_EXERCISE DETAILS_
Find the line with "Pass or fail" in the entries below, then output every line from it down to the line with "project inspections", exactly and with no pictures.

_DATA EXTRACT_
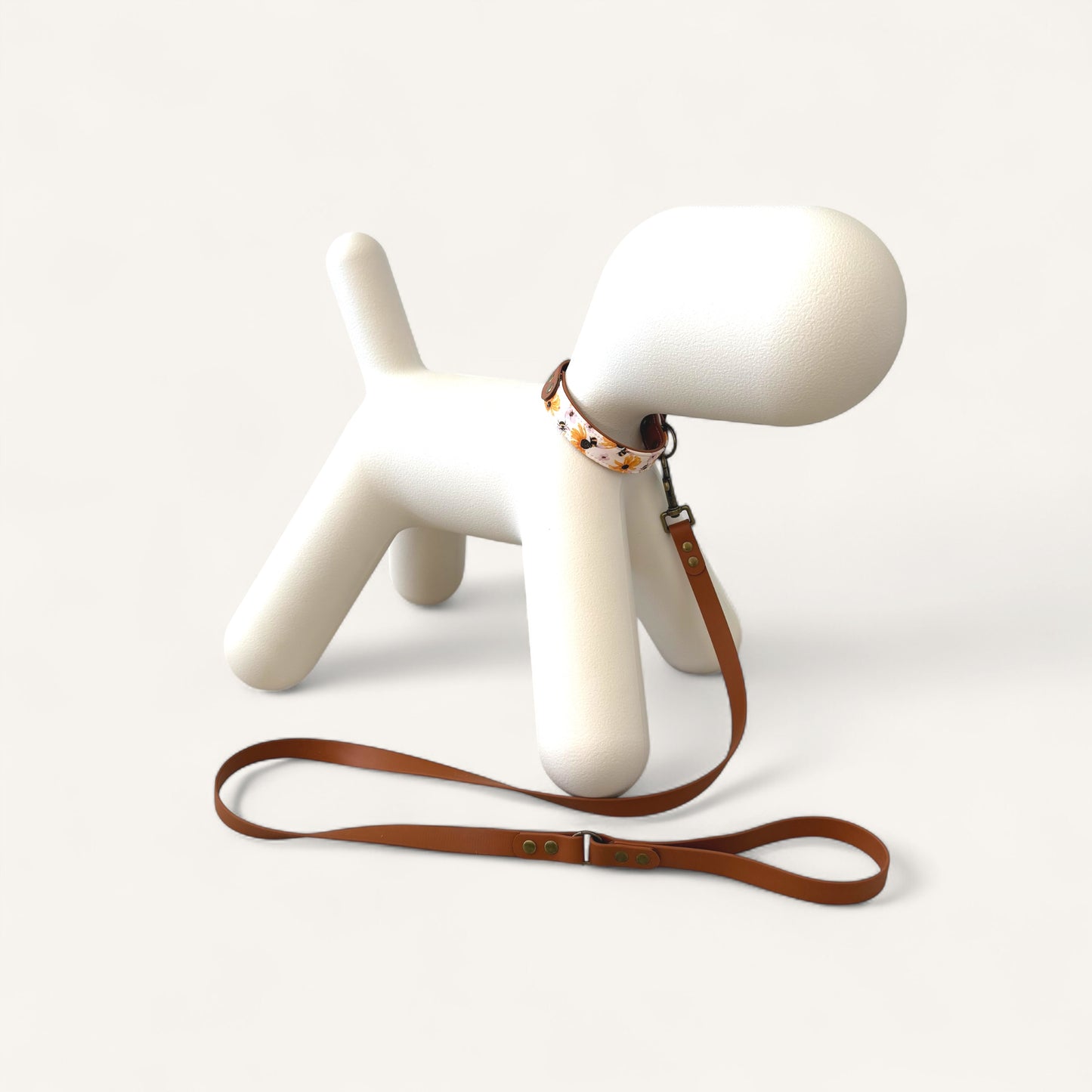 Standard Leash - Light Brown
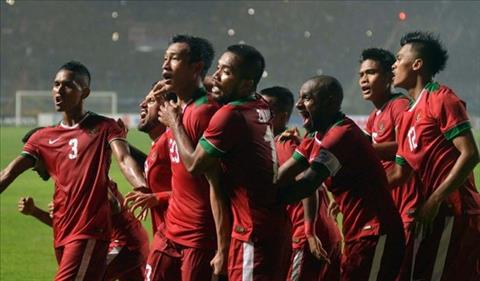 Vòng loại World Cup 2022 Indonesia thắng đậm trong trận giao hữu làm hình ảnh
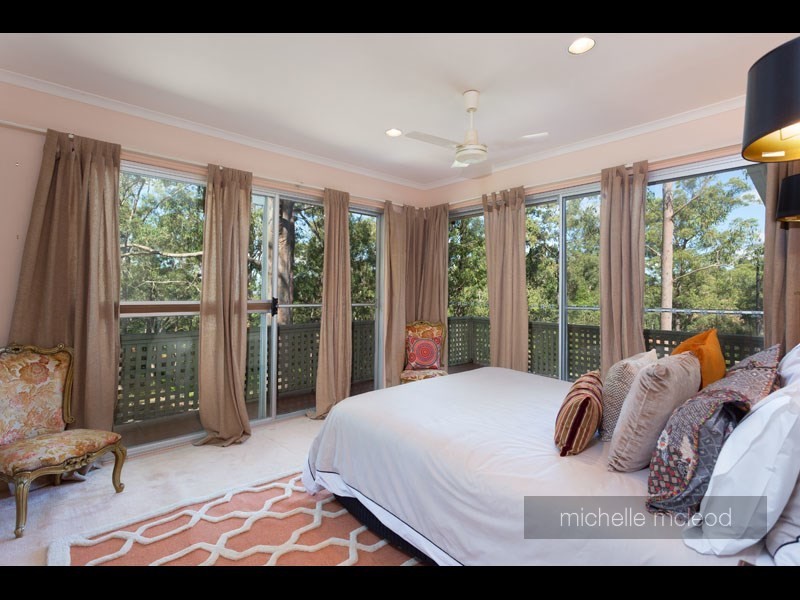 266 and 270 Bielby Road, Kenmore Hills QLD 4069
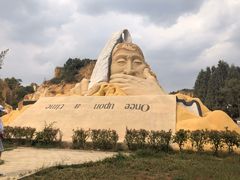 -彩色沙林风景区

---

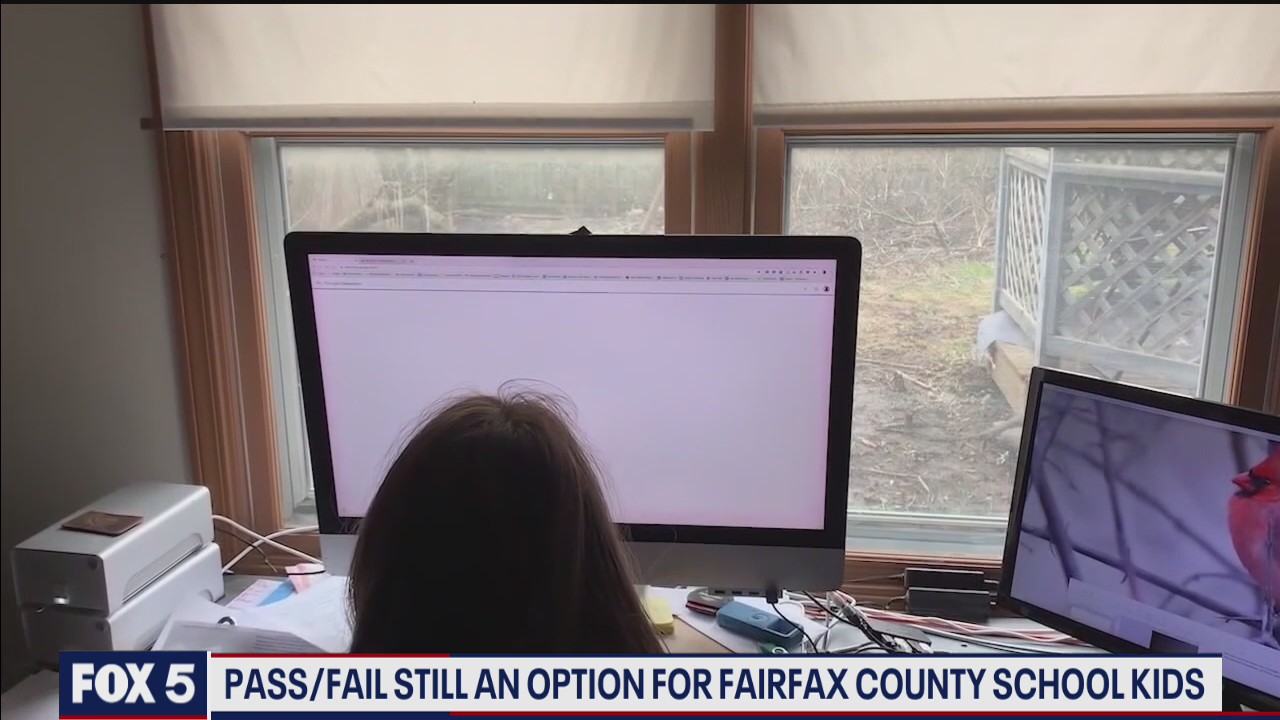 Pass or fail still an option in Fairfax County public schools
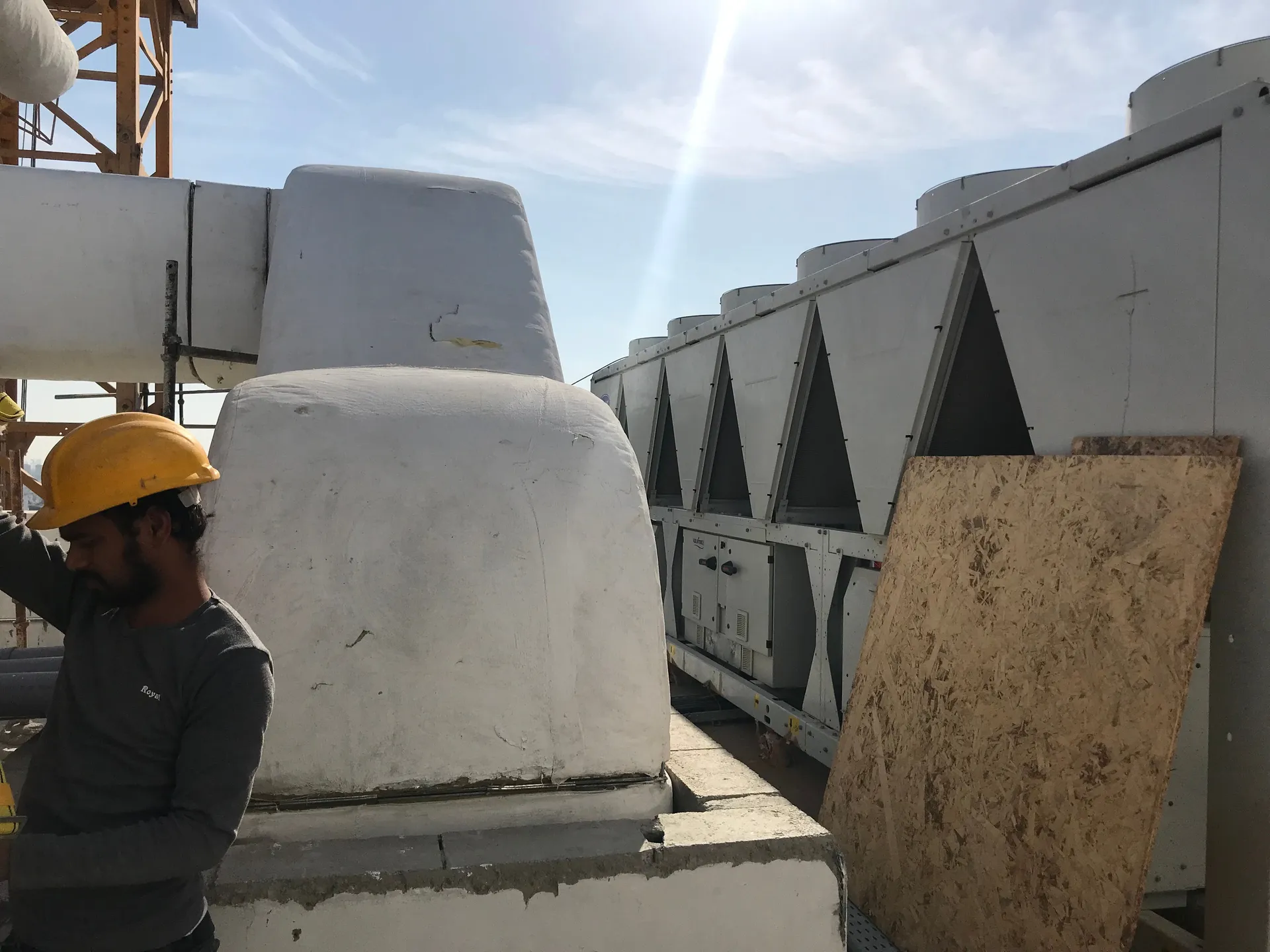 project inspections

---

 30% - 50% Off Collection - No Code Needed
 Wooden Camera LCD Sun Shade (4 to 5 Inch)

_ANSWER TO THE PROBLEM_
 Pass or fail still an option in Fairfax County public schools
 project inspections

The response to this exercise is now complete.